Sim, sempre foi assim, e já todos sabíamos. Mas uma coisa é ter sido sempre assim, e todos sabermos, e outra coisa é sermos confrontados com as imagens, com os factos, como na reportagem do Observador sobre as eleições dos delegados da concelhia de Lisboa para a assembleia distrital do PSD. O trabalho de Vítor Matos, Pedro J. Castro e Miguel Pinheiro é, sem favor, um dos documentos mais elucidativos deste regime. Pela primeira vez, pudemos assistir à logística, às manobras, aos embarques e aos desembarques, que estão na raiz da vida política.

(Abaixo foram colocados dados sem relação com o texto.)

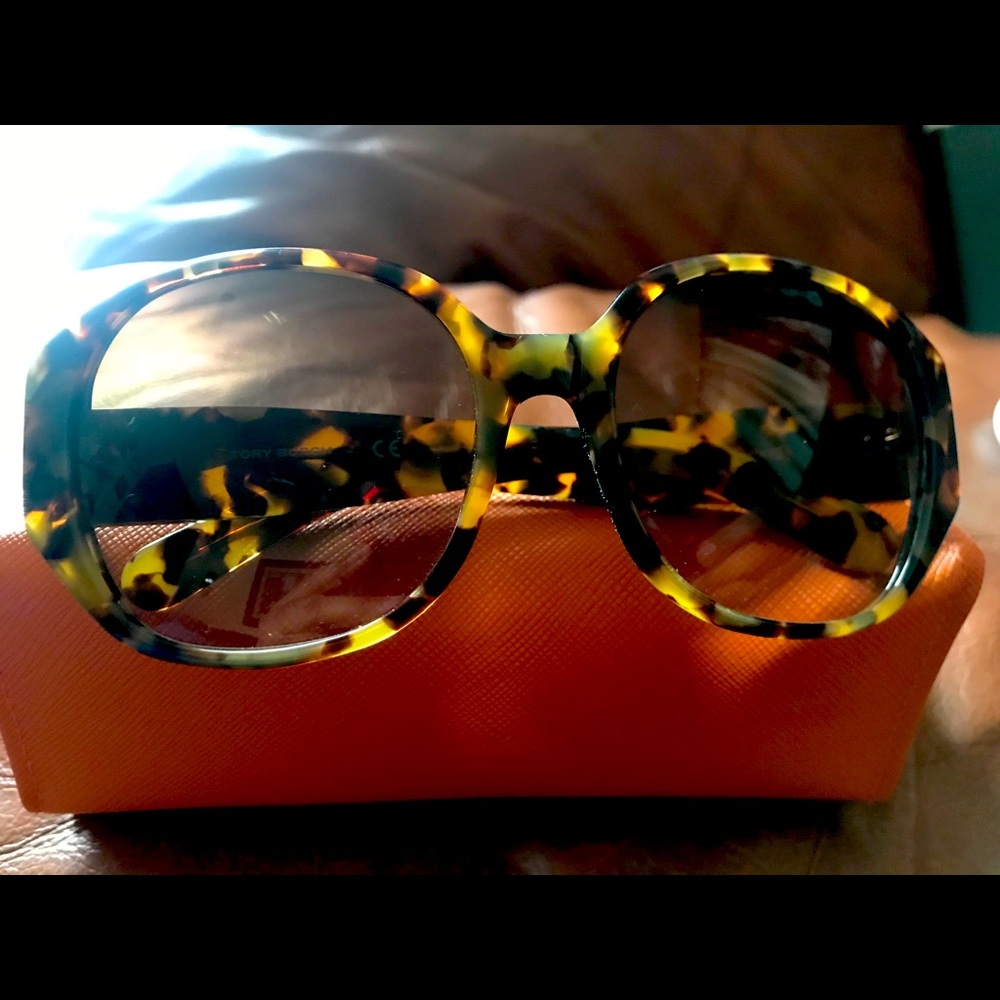 Sunglasses for women’s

Foi o PSD, como podia ter sido o PCP, o BE, o PS ou o CDS.

Para um historiador, tudo isto tem algo de arqueológico: tirando as carrinhas, era assim no século XIX. Ramalho Ortigão descreveu o sistema dos “influentes” e dos “caciques”, e José Malhoa pintou esse mundo em “A compra do voto” (1904). Na era do vídeo e do on-line, o velho “caciquismo” e o correlativo “voto de cabresto” estão vivos e recomendam-se: tal como há cem anos, uns quantos políticos profissionais, instalados em lugares públicos, usam o Estado para alargar clientelas, que depois mobilizam para votar.

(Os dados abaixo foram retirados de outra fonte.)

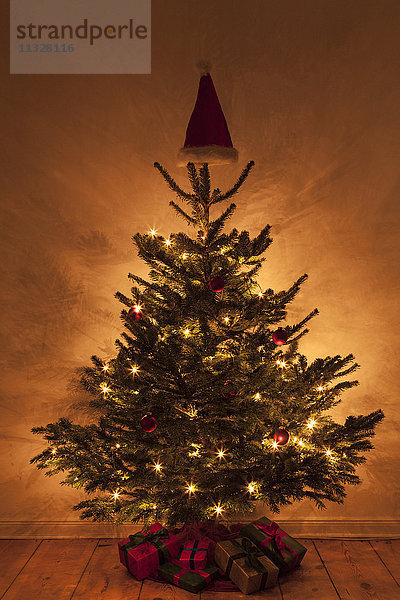 weihnachtsbaum mit mütze auf der spitze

Porque é assim? Há cem anos, até no Partido Social Democrata alemão, como demonstrou Robert Michels, vigorava a “lei de ferro da oligarquia” (em qualquer organização, por mais democrática, uma elite especializada acaba sempre por impor-se à maioria). O que é então característico do actual caso português? Talvez o papel do Estado na emergência e no funcionamento da oligarquia partidária. Os partidos agora existentes foram construídos de cima para baixo, sem excepção. Foram os recursos logísticos e legais do Estado, postos ao seu dispor pelo MFA em 1974, que fizeram e mantiveram o que são hoje o BE, o PCP, o PS, o PSD e o CDS. Quase todos eles começaram com sedes oferecidas pelo Estado, e todos vivem agora do financiamento público. Por isso, o número de militantes dos partidos em relação aos votos foi sempre muito baixo em Portugal, ao contrário dos países do norte da Europa.

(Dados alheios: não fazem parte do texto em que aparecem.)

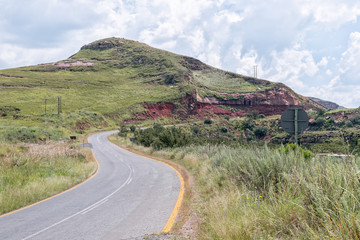View on road R712 towards Rooidraai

Na eleição de Lisboa do PSD, votaram apenas 40% dos militantes: a mobilização caciqueira depende da desmobilização da maioria. A retórica anti-partidos, que se ouve desde o século XIX, ajuda os cidadãos a desinteressarem-se mantendo uma boa consciência. Fica a velha dúvida: os cidadãos não querem saber de política porque a política é assim, ou a política é assim porque os cidadãos não querem saber de política?

É nesse contexto que “todos já sabemos” e que “nada nos espanta”. Mas não nos devia inquietar? Ao contrário de outros regimes, a democracia de 1976 tem um eleitorado amplo e as suas eleições são limpas. Mas um Estado capturado por facções de políticos profissionais continua a ser o meio através do qual são feitas as carreiras na vida pública. Isso quer dizer que elegemos representantes cujos primeiros compromissos não são com os cidadãos, mas com os caciques profissionais dos seus partidos. Vista de baixo, a democracia não é participação de todos, mas a organização de alguns.

Ficaria talvez aqui bem um apelo à mobilização cívica. Mas o quadro institucional foi elaborado para favorecer os partidos e, dentro dos partidos, as direcções partidárias. Por alguma razão, os partidos parlamentares são os mesmos desde 1975 (incluindo o BE, sucessor da UDP e da LCI). Tudo isto dá ao sistema político uma grande estabilidade, mas à custa de uma enorme rigidez. Quando o regime tiver mesmo de mudar, acabará por cair, como aconteceu com outros regimes em 1910, 1926 e 1974. O regime é isto — os “Gonçalves” de todos os partidos e as suas carrinhas –, e quando não for isto, será outro regime.